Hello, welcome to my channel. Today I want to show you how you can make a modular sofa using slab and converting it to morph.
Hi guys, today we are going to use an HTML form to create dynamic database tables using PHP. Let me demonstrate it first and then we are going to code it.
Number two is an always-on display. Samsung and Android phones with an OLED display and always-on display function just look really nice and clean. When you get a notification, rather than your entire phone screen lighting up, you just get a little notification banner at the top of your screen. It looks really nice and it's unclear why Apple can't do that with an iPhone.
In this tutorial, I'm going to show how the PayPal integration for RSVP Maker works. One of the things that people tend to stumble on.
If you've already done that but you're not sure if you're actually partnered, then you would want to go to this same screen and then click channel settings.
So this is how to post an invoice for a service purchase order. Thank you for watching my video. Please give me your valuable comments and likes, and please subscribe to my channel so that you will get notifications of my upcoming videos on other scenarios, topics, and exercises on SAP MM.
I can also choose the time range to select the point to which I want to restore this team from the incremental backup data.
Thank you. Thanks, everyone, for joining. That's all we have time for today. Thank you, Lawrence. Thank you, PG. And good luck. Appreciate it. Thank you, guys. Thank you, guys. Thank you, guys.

* * *

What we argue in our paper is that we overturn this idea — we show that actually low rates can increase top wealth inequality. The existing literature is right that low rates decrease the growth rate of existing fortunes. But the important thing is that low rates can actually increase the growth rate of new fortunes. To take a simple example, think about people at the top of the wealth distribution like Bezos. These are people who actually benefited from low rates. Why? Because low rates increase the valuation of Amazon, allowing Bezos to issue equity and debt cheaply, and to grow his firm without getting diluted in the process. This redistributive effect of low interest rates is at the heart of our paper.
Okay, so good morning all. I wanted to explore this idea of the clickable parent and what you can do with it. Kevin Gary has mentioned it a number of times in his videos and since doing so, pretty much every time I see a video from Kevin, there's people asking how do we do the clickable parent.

◆ TASK PROMPT
From the data above, reproduce word for word the lines running from the line with "So this is how" to the line with "Thank you. Thanks, everyone, for", ends included.

◆ RESULT OF THIS TASK
So this is how to post an invoice for a service purchase order. Thank you for watching my video. Please give me your valuable comments and likes, and please subscribe to my channel so that you will get notifications of my upcoming videos on other scenarios, topics, and exercises on SAP MM.
I can also choose the time range to select the point to which I want to restore this team from the incremental backup data.
Thank you. Thanks, everyone, for joining. That's all we have time for today. Thank you, Lawrence. Thank you, PG. And good luck. Appreciate it. Thank you, guys. Thank you, guys. Thank you, guys.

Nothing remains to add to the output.